The Overview
Route53 -> CloudFront -> github.io
You’ll get the joys of having SSL/TLS on a custom domain https://danielx.net backed by the ease of deployment and reliability of GitHub Pages.
The Price
- Route 53 ($0.50)
- CloudFront (pennies!)
- SSL/TLS Cert (free!)
The Details
Get the certificate for your domain at https://aws.amazon.com/certificate-manager/. Be sure your contact details on the domain are up to date because Amazon uses whois info to find out where to send the confirmation email. I like to request a certificate for the wildcard as well as the base domain, i.e. *.danielx.net
and danielx.net
, that way I can use the same certificate if I want to have other CloudFront distributions for subdomains.

You’ll need to click through the links Amazon emails you so that they can validate your ownership of the domain and activate the certificate.
Next, create your CloudFront distribution. Choose “Web”. Configure your origin, in my case strd6.github.io. Choose “HTTPS Only” for Origin protocol policy, that way CloudFront will only connect to you GitHub pages over HTTPS.

Configure the caching behavior. Here I add OPTIONS to the allowed requests, I’m not sure if this is necessary since GitHub pages enables CORS by adding the Access-Control-Allow-Origin: *
header to all responses. You also may want to customize and set the default TTL to zero. GitHub sets a 10 minute caching header on all resources found, but won’t set a header on 404s. This will prevent CloudFront from caching a 404 response for 24 hours (yikes!)

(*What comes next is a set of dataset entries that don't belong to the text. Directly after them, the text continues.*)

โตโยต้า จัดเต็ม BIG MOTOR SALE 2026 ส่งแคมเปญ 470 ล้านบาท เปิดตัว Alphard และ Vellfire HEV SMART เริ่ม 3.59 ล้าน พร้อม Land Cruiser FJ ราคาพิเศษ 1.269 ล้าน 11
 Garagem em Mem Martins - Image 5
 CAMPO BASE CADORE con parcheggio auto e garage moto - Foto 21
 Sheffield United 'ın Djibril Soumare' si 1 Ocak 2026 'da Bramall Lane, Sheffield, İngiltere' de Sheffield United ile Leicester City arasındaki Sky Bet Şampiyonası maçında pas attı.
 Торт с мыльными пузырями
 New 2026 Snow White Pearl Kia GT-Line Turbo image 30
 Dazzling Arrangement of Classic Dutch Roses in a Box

Here’s where we add our certificate. Be sure to set up the CNAME field with your domain, and be sure your certificate matches!
You’ll also want to set the Default Root Object to index.html
.

You can also add logging if you’re feeling into it.
If your domain is hosted somewhere else you can transfer your DNS to Route53, otherwise you can set up the DNS records on your domain provider.
Create a Route53 Record set for your domain then create an A record. Choose Alias, and select the CloudFront Distribution as your Alias target. Note: you may need to wait ~10-15 minutes for the distribution to juice up.

Caveats
You need to be careful with your urls (you’re careful with them anyway, right?!). You must include the trailing slash like https://danielx.net/editor/
, because if you don’t and do https://danielx.net/editor
GitHub will respond with a 301 Redirect to your .github.io domain, and it won’t even keep the https!
If you hit a 404 CloudFront may cache the response for up to 24 hours with its default settings. This is because GitHub doesn’t set and caching headers on 404 responses and CloudFront does its default thing.